Your reception is six months away. The weather app shows nothing useful that far out. The venue manager has told you not to worry, they have a plan. You’d like to believe that, and you mostly do, but somewhere in the back of your head you’re wondering what ‘a plan’ looks like when the sky opens at 3pm on the wedding day. This piece is about answering that question before the deposit goes down. Most wedding reception venues in Melbourne’s west, from Altona through to Werribee, have something they call a Plan B. Not all of them have a plan that holds up.
The Melbourne weather reality
Melbourne’s reputation for four seasons in a day is not folklore. Bureau of Meteorology long-term records show Melbourne gets rain on roughly 100 days a year, with the wettest month (October) averaging 66 mm of rain across about 10 wet days, and the driest months (February at 48 mm and 5 wet days, January at a similar total) still seeing rain on roughly one day in five. There is no truly dry month.

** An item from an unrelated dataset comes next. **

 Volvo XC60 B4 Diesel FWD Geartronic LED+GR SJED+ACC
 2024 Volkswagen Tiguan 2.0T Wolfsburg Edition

The bigger problem is not the average but the variability. A southerly buster in late summer can drop the temperature 12 degrees in 30 minutes and bring strong wind off Port Phillip Bay with it. A storm in spring can roll in before the radar refreshes. Couples planning an outdoor reception should plan as if rain is a real possibility on any date, then enjoy the dry weather as a bonus.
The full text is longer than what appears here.